Technically, full term is 37 to 41 weeks, Larsen said, but the group believes the longer the term the better for babies.
“Thirty-nine to 40 weeks is the gold standard,” Larsen said. “So much more research is coming out showing how vital those last weeks are to the development to the children’s brain, liver and lungs. It makes a huge difference.”
Dr. Carey Winkler, a maternal and fetal medicine doctor with one of the 17 hospitals, Legacy Health system, agrees.
“Babies born in the early-term time frame are at increased risk of complications, which increases the costs to the health care system,” Winkler said of those born from 37 to 39 weeks. “In the short run and the long run, these kids have more problems.”
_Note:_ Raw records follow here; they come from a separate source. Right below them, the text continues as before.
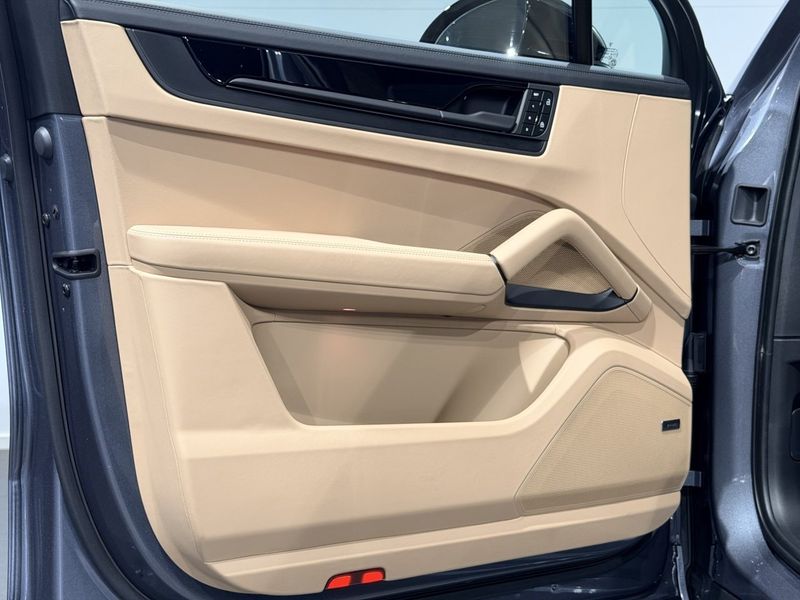 Porsche Cayenne bild 14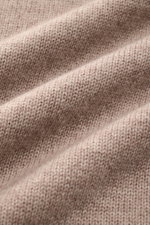 Nahaufnahme des von Braun Cashmere Rollkragenpullovers beige meliert, mittelfeines Strickbild, weicher Griff, Regular Fit, anliegender Rollkragen, Rippbündchen aus edlem Cashmere.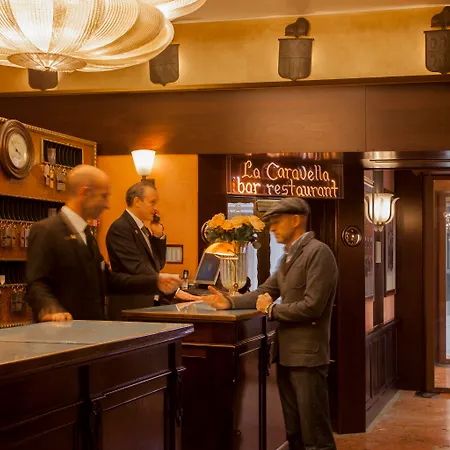 Hotel Saturnia & International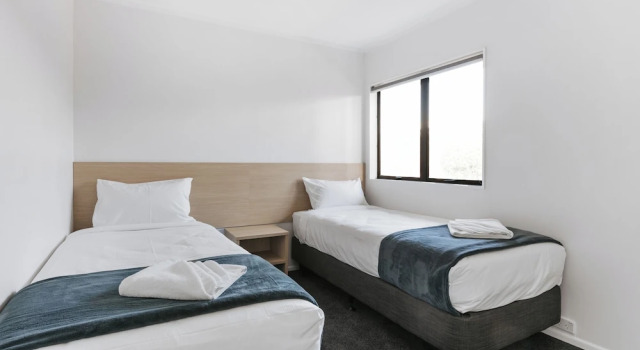 Апартаменты Premium с 3 комнатами Cobblestone Court Motel - Wenzel Motels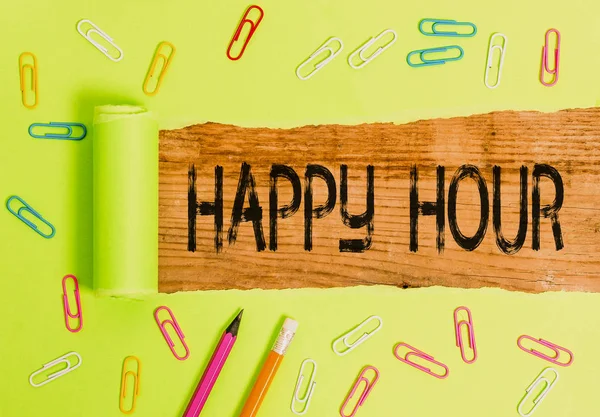 Happy Hour'u gösteren kavramsal el yazısı. İş fotoğrafı metni Sizi bir süre rahatlatan aktiviteler için zaman harcama. — Stok fotoğraf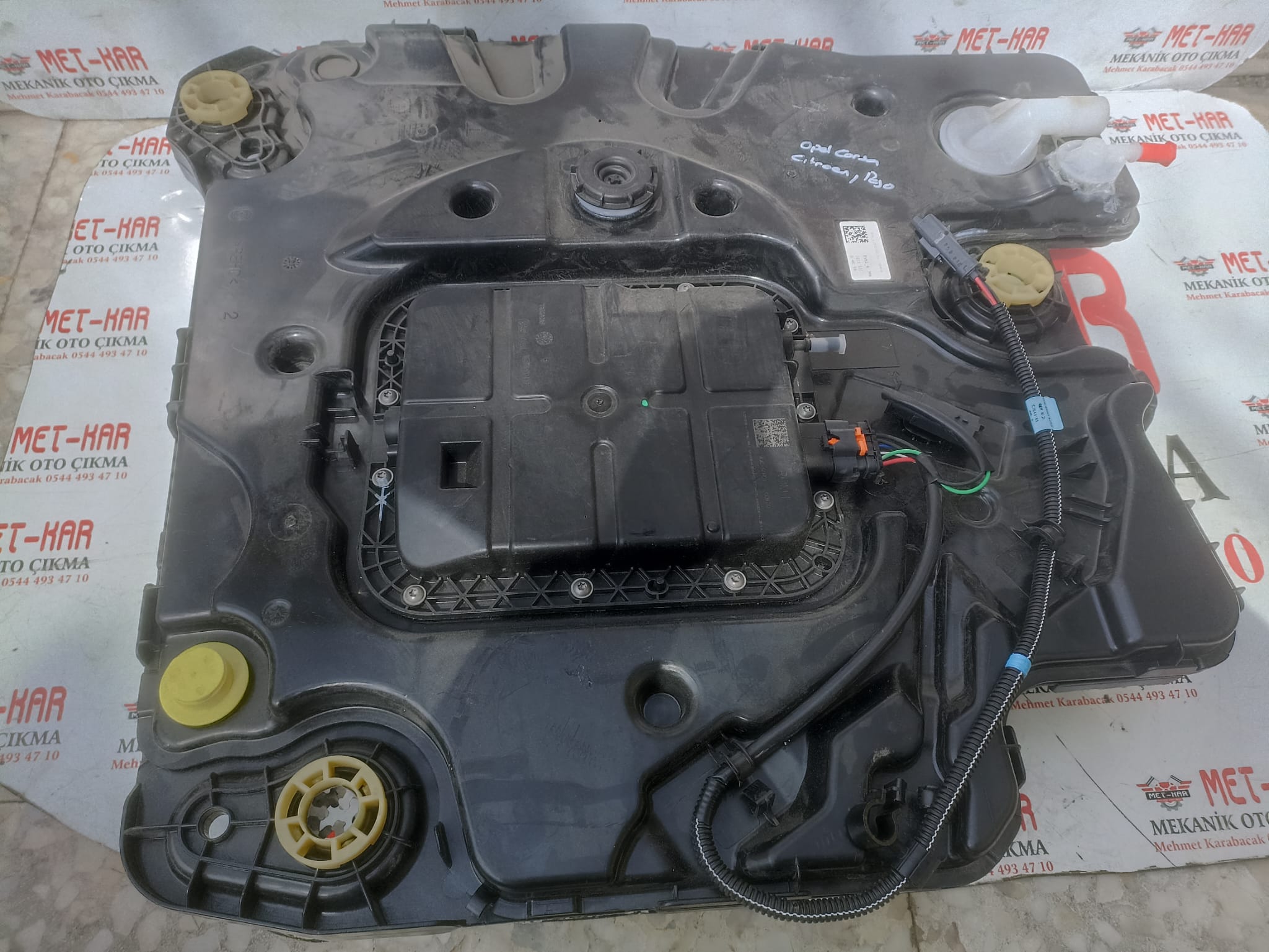 CİTROEN C3 ,OPEL CORSA F ,PEUGEOT 2008 Adblue deposu,tankı  39167312, 9827948380  Adblue Fab Üre Yakıt Katkı Deposu Pompalı  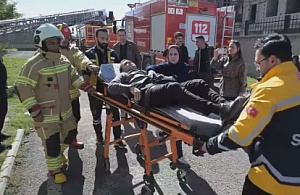 Emniyet Müdürlüğünde Yangın Alarmı! Polisler İçin Nefes Kesen Tatbikat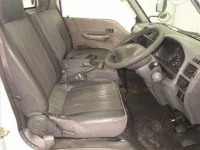 Mazda BONGO лот № 70124 оценка 3.5  с аукциона в Японии 4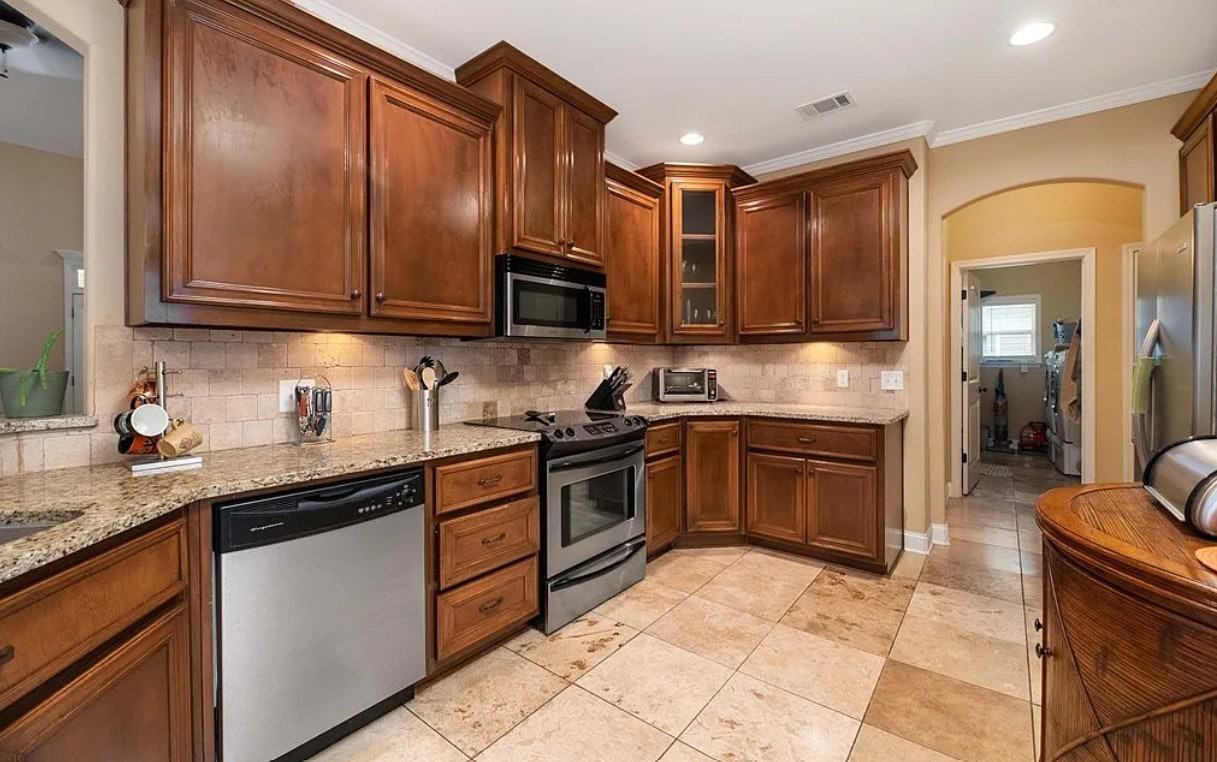 1025 Red Maple Way - Photo 3 of 12
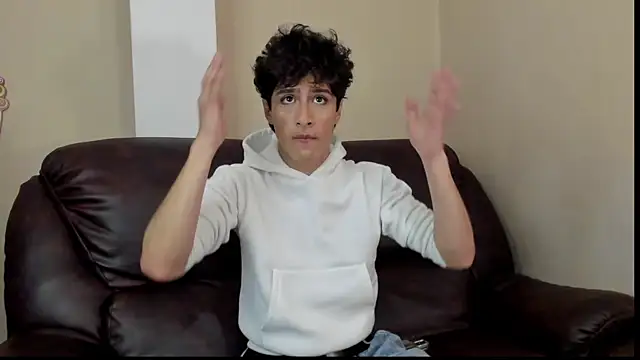 Snapshot of Xam_Collen chatting on 30, 11, 2025 Xam Collen online show from 30, 11, 2025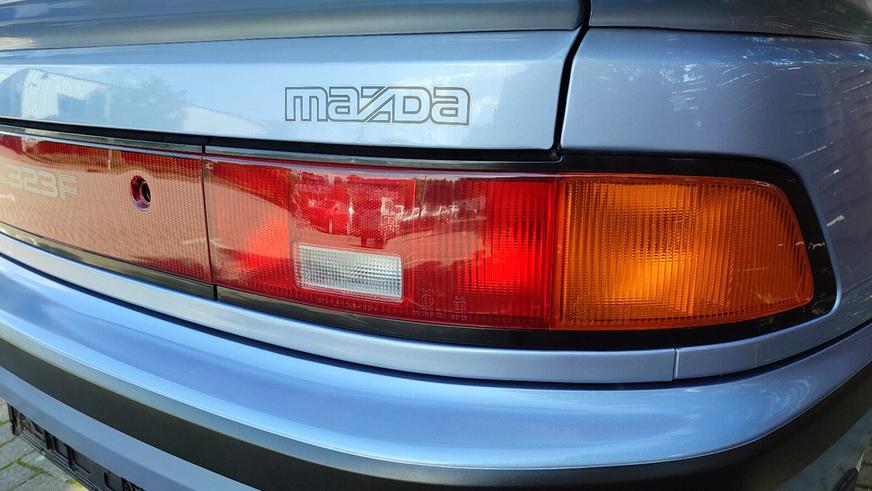 Практически новую 34-летнюю Mazda 323F нашли в Польше
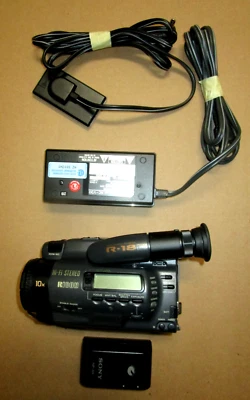 Videocámara Ricoh R-18H Hi8, probada perfecta todo lo que ves + mando a distancia rara Foto 1 de 4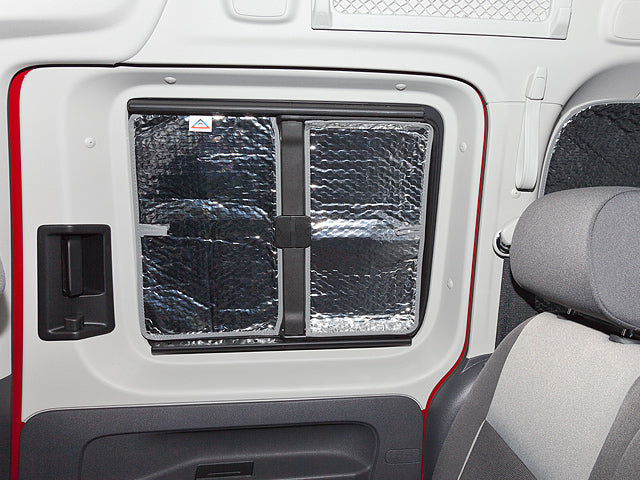 ISOLITE® | Inside Schiebefenster in Schiebetür rechts | VW Caddy 4/3 mit PKW-Verkleidung | 100701635 - better-camper.de | Mense GmbH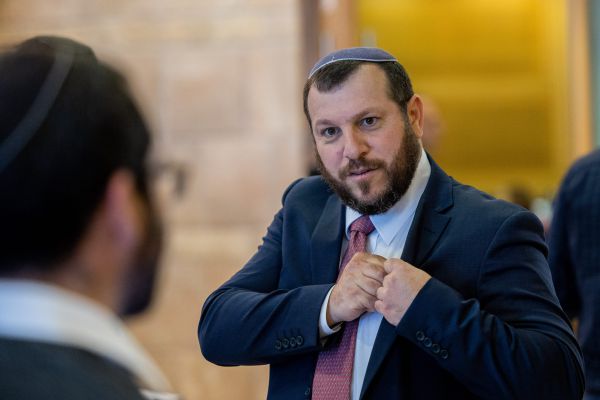 הח"כ הסרוג התערב עם המגיש בשידור חי; ומי ניצח?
The problems include increased risk for respiratory problems, jaundice, feeding problems, temperature instability and greater risk of being re-admitted to the hospital for poor weight gain or failure to thrive, he said.
“The closer you are to 39 weeks, the risks decrease, so it’s just better to wait,” he said.
Nationwide, the C-section rate reached a high of 34 percent in 2009, according to a study by HealthGrades. While a cesarean is generally considered safe, it’s still a major procedure that carries risks like bleeding and infection for the mother.
The new policy may lower that rate in Oregon once women have more time to go into labor on their own before an elective induction, which carries a risk of needing a C-section if the induction fails, experts say.
Dr. Stella Dantas, a Portland obstetrician and spokeswoman for the American College of Obstetricians and Gynecologists, is hopeful that the Oregon policy will lead to fewer cesareans in her state.
“We’re hoping that this will decrease the cesarean rate,” she said. “The C-section rate nationally is concerning for all ob/gyns.”
Poll: Should hospitals adopt a blanket rule against early C-sections or inductions?
The Oregon agreement comes as the March of Dimes has been working on the issue across the country. About six or seven other hospitals — in California, Texas, New York and Illinois — have adopted the ban on early elective deliveries, said Leslie Kowalewski, assistant state director of the March of Dimes’ California chapter. Intermountain Healthcare, which has 23 hospitals in Utah and Idaho, has had the policy for the last decade.
“There’s multiple hospitals that have this hard-stop in place,” Kowalewski said.
But they are in the minority, she said. “The flywheel is starting to turn,” Kowalewski said. “We’ve got a good start but we’ve all got to keep on pushing.”